Crawled caption data
:::::

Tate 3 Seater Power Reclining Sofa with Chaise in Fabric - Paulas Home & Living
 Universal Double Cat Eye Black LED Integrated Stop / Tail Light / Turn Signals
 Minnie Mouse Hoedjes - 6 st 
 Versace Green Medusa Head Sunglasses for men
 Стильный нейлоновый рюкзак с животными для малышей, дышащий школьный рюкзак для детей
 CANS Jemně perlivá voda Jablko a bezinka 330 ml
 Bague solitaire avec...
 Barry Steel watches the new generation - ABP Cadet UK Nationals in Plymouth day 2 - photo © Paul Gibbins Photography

:::::

§ **Exercise directions**: The entries above are to be copied word for word.

§ **Task result**:
Tate 3 Seater Power Reclining Sofa with Chaise in Fabric - Paulas Home & Living
 Universal Double Cat Eye Black LED Integrated Stop / Tail Light / Turn Signals
 Minnie Mouse Hoedjes - 6 st 
 Versace Green Medusa Head Sunglasses for men
 Стильный нейлоновый рюкзак с животными для малышей, дышащий школьный рюкзак для детей
 CANS Jemně perlivá voda Jablko a bezinka 330 ml
 Bague solitaire avec...
 Barry Steel watches the new generation - ABP Cadet UK Nationals in Plymouth day 2 - photo © Paul Gibbins Photography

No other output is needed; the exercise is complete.